El decreto-ley 4161 y el odio gorila al peronismo como origen de la violencia política contemporánea

El decreto-ley 4161 y el odio gorila al peronismo como origen de la violencia política contemporánea
Un 05 de marzo, como hoy, pero del año 1956, la dictadura militar oligárquica, que gobernaba de facto la Argentina, sanciona el Decreto Ley 4161, que prohibía cualquier tipo de afirmación ideológica o propaganda peronista. El Poder Ejecutivo estaba ocupado por el general Pedro Eugenio Aramburu como presidente y el contralmirante Isaac Francisco Rojas como vicepresidente.
Un 05 de marzo, como hoy, pero del año 1956, la dictadura militar oligárquica, que gobernaba de facto la Argentina, sanciona el Decreto Ley 4161, que prohibía cualquier tipo de afirmación ideológica o propaganda peronista.
 
Se castigaba con la reclusión de treinta días a seis años, una multa económica, la inhabilitación para desempeñar cargos públicos y la clausura temporal o permanente del local, si se tratase de un comercio o empresa: la utilización de la fotografía de los funcionarios peronistas o de sus parientes, el escudo y la bandera peronista, las expresiones "peronismo", "peronista", "justicialismo", "justicialista", "tercera posición", la marcha de "Los muchachos peronistas", el libro "La razón de mi vida" y los discursos del presidente depuesto (a quien llamaban el tirano prófugo) y su esposa.
 
Después de 1955 no se podía, ni siquiera, escribir o pronunciar la palabra Perón. Con el decreto 4161 se abrió formalmente un largo período de violencia en la Argentina, que continúa otros episodios sangrientos como el bombardeo de la Plaza de Mayo, el 16 de junio de 1955, donde hubo 200 muertos y 2000 heridos anónimos y olvidados.
 
Escribe Blas García para La Opinión Popular

Batalla de Caseros: Triunfo de la Oligarquía y Derrota de la Patria
Blas García
 
En 1955, la Argentina se encontraba gobernada por una dictadura militar autodenominada "Revolución Libertadora", que había alcanzado el poder tras un golpe de estado violento, ejecutado el 16 de septiembre de 1955, contra el gobierno constitucional de Juan Perón.

El gobierno de Aramburu encarceló a millares de trabajadores, reprimió cada huelga, arrasó con el PJ y la organización sindical. La tortura se masificó y extendió a todo el país en una implacable persecución como pocas veces se había visto.

A esta persecución política y sindical Rodolfo Walsh la explica correctamente desde el fundamento económico y social que la torna inevitable: "Su gobierno modela la segunda década infame.
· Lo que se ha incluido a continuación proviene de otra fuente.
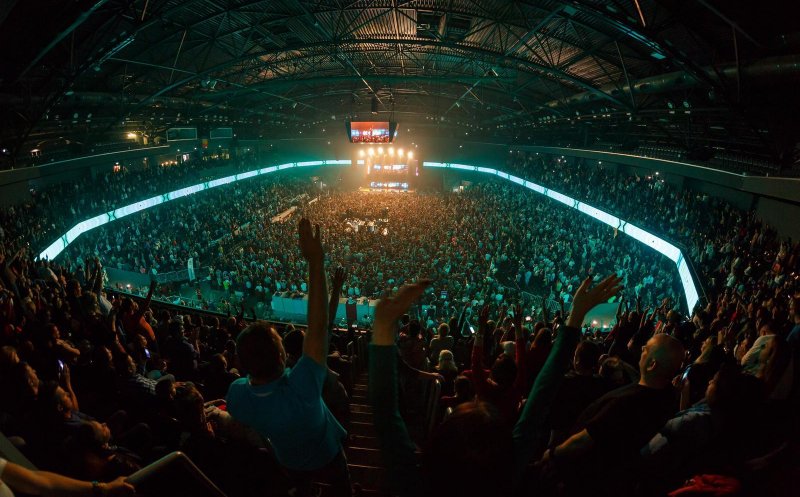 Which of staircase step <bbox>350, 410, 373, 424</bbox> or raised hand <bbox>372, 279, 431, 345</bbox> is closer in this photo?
raised hand <bbox>372, 279, 431, 345</bbox>

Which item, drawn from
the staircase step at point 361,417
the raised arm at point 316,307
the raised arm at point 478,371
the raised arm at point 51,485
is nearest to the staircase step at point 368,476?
the staircase step at point 361,417

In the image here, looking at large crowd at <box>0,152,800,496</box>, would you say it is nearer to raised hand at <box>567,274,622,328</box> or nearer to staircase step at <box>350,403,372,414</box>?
raised hand at <box>567,274,622,328</box>

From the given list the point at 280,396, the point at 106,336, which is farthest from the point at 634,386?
the point at 106,336

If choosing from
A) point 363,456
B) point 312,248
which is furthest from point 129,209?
point 312,248

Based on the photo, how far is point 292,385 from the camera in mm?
1516

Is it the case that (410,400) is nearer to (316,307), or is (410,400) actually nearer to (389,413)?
(316,307)

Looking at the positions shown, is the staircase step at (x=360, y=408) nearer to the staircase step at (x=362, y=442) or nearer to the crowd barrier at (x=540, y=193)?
the staircase step at (x=362, y=442)

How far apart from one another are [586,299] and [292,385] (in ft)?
3.87

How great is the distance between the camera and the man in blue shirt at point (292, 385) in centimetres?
152

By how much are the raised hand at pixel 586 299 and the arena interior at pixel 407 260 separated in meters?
0.01

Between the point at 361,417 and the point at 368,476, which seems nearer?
the point at 368,476

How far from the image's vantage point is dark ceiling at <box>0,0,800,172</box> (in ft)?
31.4

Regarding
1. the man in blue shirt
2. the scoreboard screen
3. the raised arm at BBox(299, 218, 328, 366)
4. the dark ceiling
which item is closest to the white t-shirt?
the man in blue shirt

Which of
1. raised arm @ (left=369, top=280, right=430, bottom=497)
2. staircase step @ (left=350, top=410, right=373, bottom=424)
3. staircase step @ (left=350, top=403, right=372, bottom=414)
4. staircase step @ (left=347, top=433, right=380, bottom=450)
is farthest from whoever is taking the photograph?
staircase step @ (left=350, top=403, right=372, bottom=414)
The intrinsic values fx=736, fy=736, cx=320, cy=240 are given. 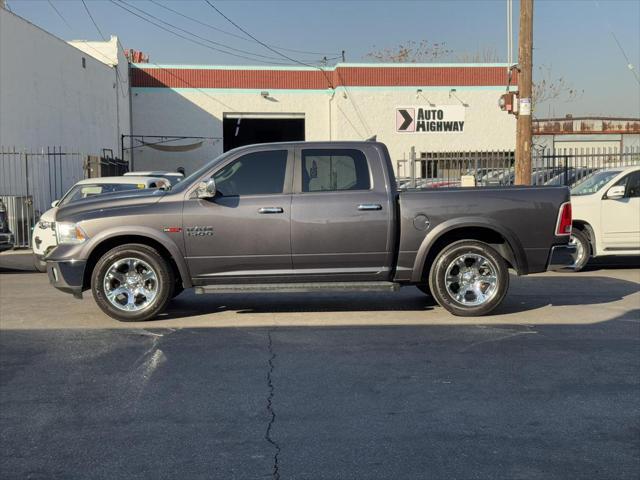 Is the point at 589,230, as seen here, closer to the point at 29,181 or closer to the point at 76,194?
the point at 76,194

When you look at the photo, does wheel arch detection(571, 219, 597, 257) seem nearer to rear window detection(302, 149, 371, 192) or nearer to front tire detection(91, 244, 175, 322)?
rear window detection(302, 149, 371, 192)

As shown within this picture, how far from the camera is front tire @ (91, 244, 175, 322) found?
26.9 feet

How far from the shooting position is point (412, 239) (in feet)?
27.1

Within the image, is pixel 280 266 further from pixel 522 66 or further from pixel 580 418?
pixel 522 66

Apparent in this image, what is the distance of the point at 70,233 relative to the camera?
8.26 meters

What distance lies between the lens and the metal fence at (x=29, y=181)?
1609 cm

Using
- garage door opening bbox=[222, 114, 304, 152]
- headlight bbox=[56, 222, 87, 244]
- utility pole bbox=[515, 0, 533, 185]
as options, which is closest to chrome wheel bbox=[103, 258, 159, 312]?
headlight bbox=[56, 222, 87, 244]

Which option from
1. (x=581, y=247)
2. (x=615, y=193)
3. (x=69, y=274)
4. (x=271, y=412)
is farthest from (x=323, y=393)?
(x=615, y=193)

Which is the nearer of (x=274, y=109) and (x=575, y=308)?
(x=575, y=308)

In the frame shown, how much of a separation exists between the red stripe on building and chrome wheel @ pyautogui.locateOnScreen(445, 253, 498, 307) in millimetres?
30583

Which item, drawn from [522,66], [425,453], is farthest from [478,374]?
[522,66]

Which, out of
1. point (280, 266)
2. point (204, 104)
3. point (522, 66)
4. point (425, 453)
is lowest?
point (425, 453)

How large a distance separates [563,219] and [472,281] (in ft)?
4.11

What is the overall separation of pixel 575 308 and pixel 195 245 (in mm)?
4647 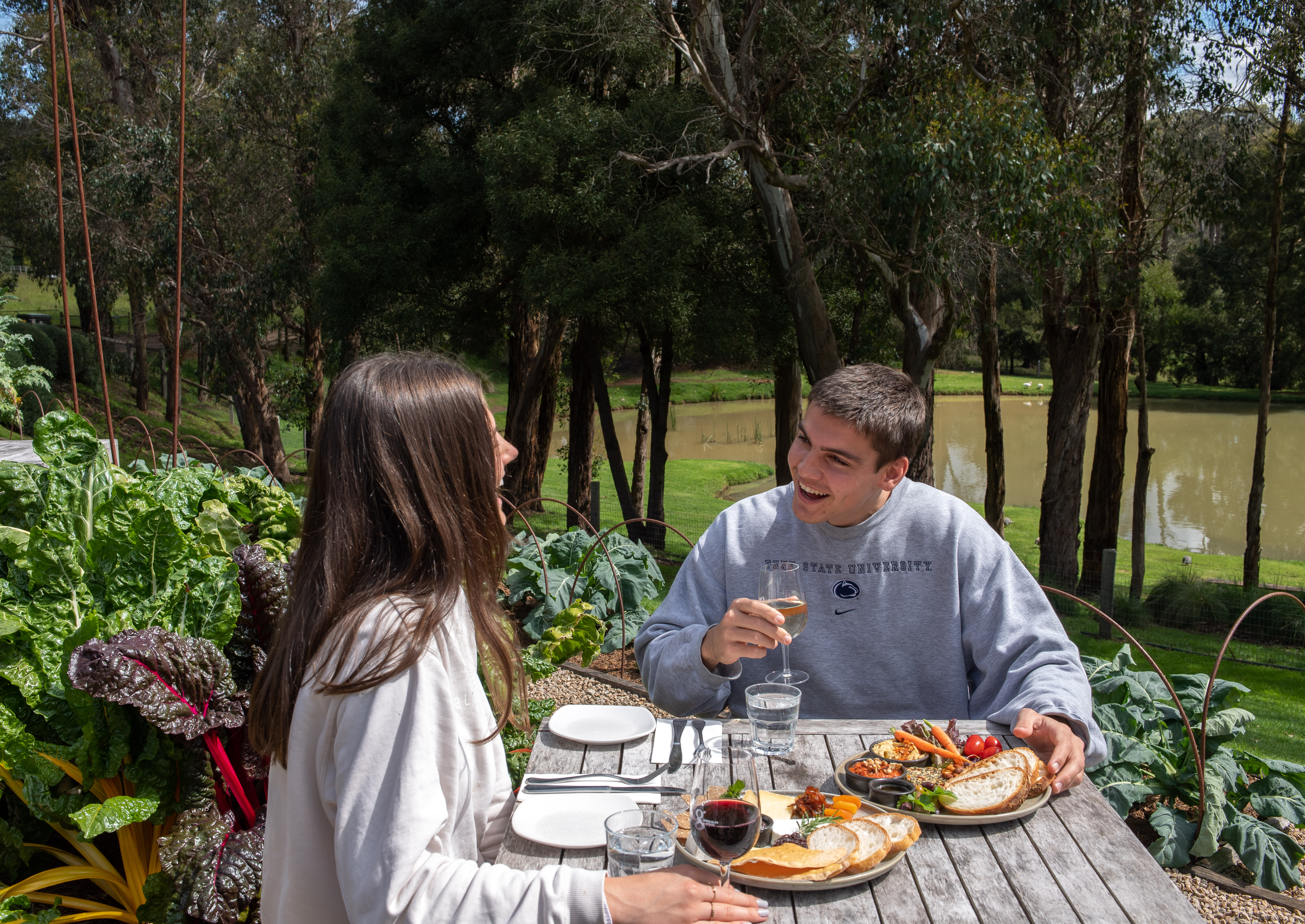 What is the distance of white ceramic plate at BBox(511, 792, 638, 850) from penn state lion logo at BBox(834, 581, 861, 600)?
0.95m

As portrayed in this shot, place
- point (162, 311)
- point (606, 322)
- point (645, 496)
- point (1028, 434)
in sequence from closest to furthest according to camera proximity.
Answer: point (606, 322) < point (162, 311) < point (645, 496) < point (1028, 434)

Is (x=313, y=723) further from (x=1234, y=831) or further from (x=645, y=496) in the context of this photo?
(x=645, y=496)

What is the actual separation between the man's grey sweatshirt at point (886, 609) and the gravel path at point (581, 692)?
103 inches

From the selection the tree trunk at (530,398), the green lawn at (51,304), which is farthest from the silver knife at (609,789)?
the green lawn at (51,304)

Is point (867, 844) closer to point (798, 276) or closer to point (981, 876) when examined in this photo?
point (981, 876)

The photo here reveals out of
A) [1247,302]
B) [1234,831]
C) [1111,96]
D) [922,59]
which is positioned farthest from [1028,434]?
[1234,831]

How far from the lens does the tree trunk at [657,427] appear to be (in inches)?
510

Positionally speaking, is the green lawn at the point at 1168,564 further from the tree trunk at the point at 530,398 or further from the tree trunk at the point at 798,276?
the tree trunk at the point at 530,398

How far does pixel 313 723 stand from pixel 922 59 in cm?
951

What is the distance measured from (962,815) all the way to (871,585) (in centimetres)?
86

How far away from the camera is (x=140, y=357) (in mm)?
22469

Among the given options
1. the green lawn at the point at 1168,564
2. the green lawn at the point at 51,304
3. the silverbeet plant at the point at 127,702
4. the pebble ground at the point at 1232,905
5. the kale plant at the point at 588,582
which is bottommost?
the green lawn at the point at 1168,564

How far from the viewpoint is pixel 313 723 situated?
4.21 feet

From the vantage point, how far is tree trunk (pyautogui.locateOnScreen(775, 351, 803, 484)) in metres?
12.8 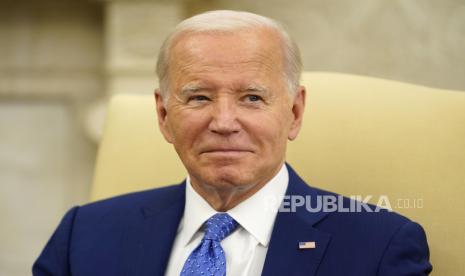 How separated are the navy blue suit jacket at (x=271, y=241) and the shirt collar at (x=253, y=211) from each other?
0.08 ft

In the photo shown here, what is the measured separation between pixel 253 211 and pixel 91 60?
76.1 inches

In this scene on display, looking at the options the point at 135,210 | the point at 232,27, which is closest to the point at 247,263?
the point at 135,210

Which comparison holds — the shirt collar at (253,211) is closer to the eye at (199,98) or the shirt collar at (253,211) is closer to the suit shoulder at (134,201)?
the suit shoulder at (134,201)

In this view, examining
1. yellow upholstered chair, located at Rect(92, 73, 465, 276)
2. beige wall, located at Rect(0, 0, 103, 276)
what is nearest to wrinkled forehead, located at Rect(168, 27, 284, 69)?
yellow upholstered chair, located at Rect(92, 73, 465, 276)

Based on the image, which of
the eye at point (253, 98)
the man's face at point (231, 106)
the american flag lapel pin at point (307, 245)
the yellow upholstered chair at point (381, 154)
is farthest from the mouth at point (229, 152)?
the yellow upholstered chair at point (381, 154)

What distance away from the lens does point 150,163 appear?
6.61 ft

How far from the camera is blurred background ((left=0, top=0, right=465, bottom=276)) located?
280 cm

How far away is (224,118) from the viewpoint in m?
1.55

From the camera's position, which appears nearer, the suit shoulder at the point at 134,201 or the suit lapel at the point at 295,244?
the suit lapel at the point at 295,244

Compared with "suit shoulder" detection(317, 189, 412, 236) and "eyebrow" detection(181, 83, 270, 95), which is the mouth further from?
"suit shoulder" detection(317, 189, 412, 236)

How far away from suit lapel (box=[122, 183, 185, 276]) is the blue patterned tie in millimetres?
75

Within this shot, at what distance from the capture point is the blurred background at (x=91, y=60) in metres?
2.80

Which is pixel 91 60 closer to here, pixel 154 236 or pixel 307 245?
pixel 154 236

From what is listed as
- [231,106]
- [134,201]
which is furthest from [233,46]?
[134,201]
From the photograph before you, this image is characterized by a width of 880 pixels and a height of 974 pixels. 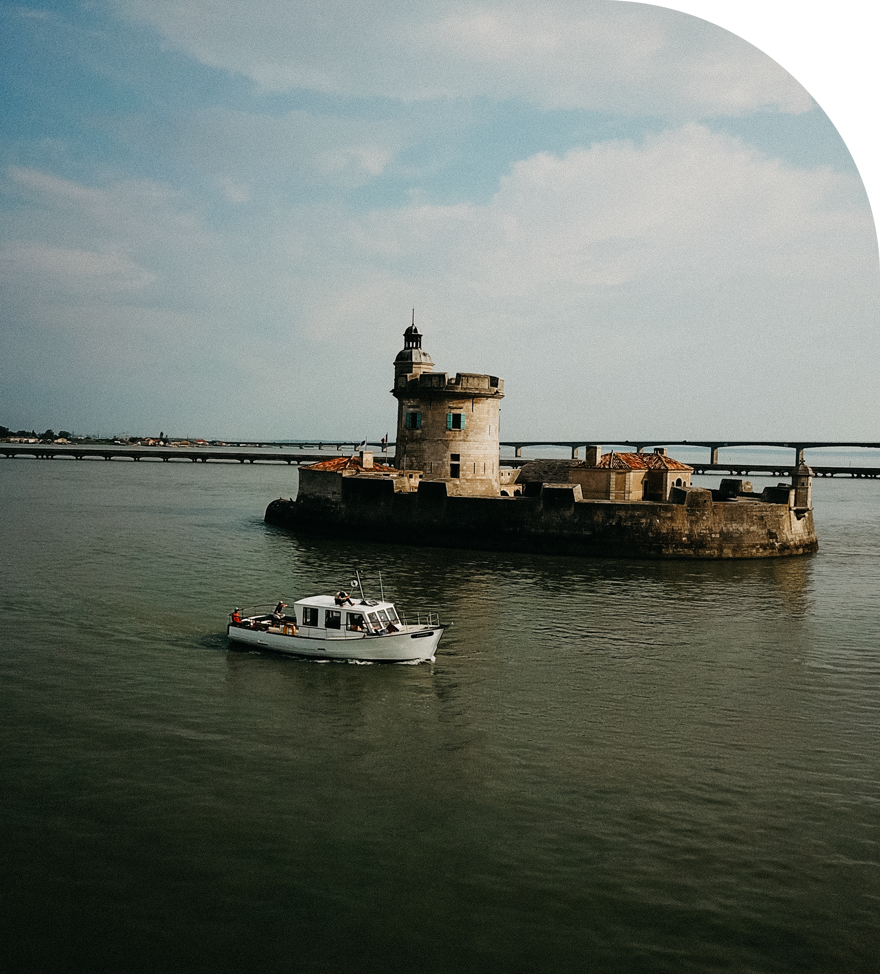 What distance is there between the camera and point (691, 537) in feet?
127

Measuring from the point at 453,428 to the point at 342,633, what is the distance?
86.1ft

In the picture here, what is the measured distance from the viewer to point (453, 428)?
45.7 meters

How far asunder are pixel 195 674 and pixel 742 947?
44.7ft

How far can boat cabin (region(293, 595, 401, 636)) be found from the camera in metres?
20.7

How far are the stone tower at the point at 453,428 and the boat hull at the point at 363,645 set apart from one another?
2456 cm

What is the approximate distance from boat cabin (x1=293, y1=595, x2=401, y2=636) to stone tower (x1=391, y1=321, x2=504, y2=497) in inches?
934

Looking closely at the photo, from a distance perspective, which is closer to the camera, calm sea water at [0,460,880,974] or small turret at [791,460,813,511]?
calm sea water at [0,460,880,974]

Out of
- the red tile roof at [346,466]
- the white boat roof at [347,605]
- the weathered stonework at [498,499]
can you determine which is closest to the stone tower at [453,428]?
the weathered stonework at [498,499]

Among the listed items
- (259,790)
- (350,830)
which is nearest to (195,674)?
(259,790)

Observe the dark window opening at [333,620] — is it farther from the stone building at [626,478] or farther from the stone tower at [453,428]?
the stone building at [626,478]

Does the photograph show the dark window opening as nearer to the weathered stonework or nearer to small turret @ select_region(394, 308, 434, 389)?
the weathered stonework

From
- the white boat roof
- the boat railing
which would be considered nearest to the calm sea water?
the boat railing

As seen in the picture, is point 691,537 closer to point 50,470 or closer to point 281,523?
point 281,523

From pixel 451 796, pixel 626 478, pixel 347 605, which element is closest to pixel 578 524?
pixel 626 478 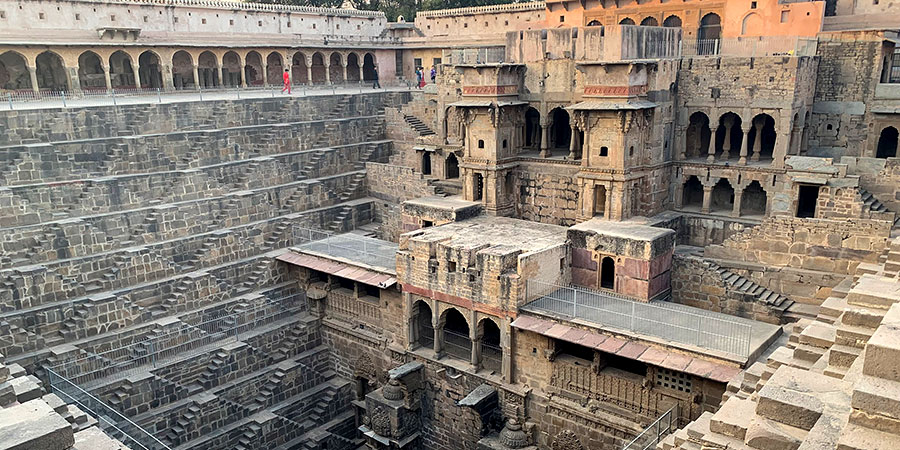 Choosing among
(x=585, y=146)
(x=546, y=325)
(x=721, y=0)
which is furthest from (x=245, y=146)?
(x=721, y=0)

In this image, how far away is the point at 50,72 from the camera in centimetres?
3616

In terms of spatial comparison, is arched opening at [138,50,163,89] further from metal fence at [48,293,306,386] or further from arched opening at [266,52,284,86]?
metal fence at [48,293,306,386]

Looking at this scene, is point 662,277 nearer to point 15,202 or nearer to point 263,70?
point 15,202

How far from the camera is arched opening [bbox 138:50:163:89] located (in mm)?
40000

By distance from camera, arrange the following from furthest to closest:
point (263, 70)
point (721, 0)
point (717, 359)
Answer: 1. point (263, 70)
2. point (721, 0)
3. point (717, 359)

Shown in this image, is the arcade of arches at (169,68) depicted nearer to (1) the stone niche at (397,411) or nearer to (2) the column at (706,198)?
(1) the stone niche at (397,411)

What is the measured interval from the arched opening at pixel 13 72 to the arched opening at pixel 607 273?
105ft

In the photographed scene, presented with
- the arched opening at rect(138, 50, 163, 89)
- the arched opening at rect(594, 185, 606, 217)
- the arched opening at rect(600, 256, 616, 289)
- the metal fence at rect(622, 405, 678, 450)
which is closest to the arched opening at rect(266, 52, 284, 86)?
the arched opening at rect(138, 50, 163, 89)

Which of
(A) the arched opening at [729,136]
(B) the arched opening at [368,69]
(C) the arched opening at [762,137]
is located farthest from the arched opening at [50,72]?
(C) the arched opening at [762,137]

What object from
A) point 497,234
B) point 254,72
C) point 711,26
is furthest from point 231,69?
point 711,26

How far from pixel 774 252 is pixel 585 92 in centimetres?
848

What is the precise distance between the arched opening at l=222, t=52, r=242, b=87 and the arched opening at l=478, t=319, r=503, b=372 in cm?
2808

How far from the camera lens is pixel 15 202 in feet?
72.1

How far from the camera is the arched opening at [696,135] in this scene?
26625 mm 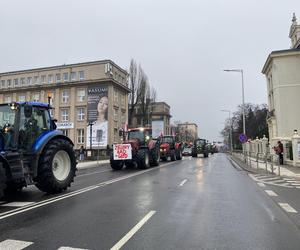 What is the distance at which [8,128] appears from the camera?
8.80 m

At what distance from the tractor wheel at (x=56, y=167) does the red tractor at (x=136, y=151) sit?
8.63 m

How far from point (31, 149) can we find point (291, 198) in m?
8.07

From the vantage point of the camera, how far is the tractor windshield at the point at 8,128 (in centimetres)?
879

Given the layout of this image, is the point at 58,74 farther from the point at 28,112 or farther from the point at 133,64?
the point at 28,112

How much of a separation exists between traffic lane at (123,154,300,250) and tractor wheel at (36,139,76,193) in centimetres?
364

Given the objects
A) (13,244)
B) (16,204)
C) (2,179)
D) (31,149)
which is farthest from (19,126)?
(13,244)

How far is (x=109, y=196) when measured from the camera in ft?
31.2

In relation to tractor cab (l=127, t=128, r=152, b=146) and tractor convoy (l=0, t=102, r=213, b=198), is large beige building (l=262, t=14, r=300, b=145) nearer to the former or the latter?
tractor cab (l=127, t=128, r=152, b=146)

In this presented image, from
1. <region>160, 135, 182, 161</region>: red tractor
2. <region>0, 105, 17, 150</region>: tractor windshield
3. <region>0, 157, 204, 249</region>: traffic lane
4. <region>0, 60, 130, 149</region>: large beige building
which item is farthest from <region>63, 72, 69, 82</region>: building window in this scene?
<region>0, 157, 204, 249</region>: traffic lane

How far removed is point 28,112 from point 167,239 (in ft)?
19.9

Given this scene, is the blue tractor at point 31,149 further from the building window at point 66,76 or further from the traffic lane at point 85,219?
the building window at point 66,76

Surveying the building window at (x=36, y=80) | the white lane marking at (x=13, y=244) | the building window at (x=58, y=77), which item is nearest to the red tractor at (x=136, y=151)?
the white lane marking at (x=13, y=244)

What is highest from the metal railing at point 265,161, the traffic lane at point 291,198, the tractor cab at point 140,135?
the tractor cab at point 140,135

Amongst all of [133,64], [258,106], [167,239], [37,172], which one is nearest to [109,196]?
[37,172] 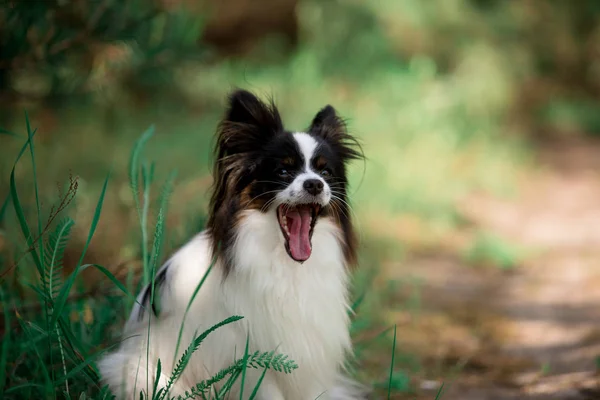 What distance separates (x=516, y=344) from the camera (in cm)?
431

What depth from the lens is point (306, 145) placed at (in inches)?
112

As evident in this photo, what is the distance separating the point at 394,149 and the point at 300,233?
5.59 m

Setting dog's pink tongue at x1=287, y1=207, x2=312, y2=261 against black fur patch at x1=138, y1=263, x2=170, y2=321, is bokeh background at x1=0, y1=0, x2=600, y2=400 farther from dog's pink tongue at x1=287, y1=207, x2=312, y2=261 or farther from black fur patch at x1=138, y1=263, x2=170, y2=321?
dog's pink tongue at x1=287, y1=207, x2=312, y2=261

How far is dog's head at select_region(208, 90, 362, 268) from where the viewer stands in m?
2.71

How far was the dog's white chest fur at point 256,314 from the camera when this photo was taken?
106 inches

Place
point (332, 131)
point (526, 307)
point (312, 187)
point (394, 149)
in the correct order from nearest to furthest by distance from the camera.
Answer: point (312, 187) < point (332, 131) < point (526, 307) < point (394, 149)

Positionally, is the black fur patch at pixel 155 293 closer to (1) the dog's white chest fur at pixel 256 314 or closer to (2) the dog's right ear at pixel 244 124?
(1) the dog's white chest fur at pixel 256 314

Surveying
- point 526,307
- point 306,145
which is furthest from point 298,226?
point 526,307

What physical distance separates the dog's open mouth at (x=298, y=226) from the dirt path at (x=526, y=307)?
1.20 meters

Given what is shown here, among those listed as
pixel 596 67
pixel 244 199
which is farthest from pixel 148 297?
pixel 596 67

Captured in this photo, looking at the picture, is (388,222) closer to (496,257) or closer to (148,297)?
(496,257)

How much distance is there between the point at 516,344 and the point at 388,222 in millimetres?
2634

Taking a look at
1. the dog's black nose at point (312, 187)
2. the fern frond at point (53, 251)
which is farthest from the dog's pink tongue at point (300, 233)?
the fern frond at point (53, 251)

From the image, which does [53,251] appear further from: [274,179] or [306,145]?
[306,145]
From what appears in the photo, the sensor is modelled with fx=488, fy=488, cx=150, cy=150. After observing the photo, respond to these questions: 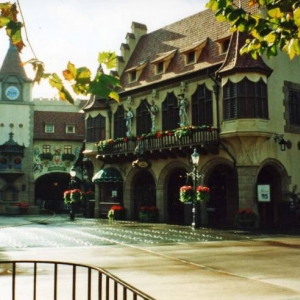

Aparecen los Alsogaray, los Krieger, los Verrier, que van a anudar prolijamente los lazos de la dependencia desatados durante el gobierno de Perón". 

La Argentina comienza "a gestionar esos préstamos que sólo benefician al prestamista, a adquirir etiquetas de colores con el nombre de tecnologías, a radicar capitales extranjeros formados con el ahorro nacional y a acumular esa deuda que hoy grava el 25 por ciento de nuestras exportaciones".

Se quemaron en público retratos de Eva y Juan Perón, se rompieron bustos, bienes de la Fundación Eva Perón y de las colonias de vacaciones, las cuales fueron cerradas dejando a miles de chicos humildes sin atención médica ni asistencia social.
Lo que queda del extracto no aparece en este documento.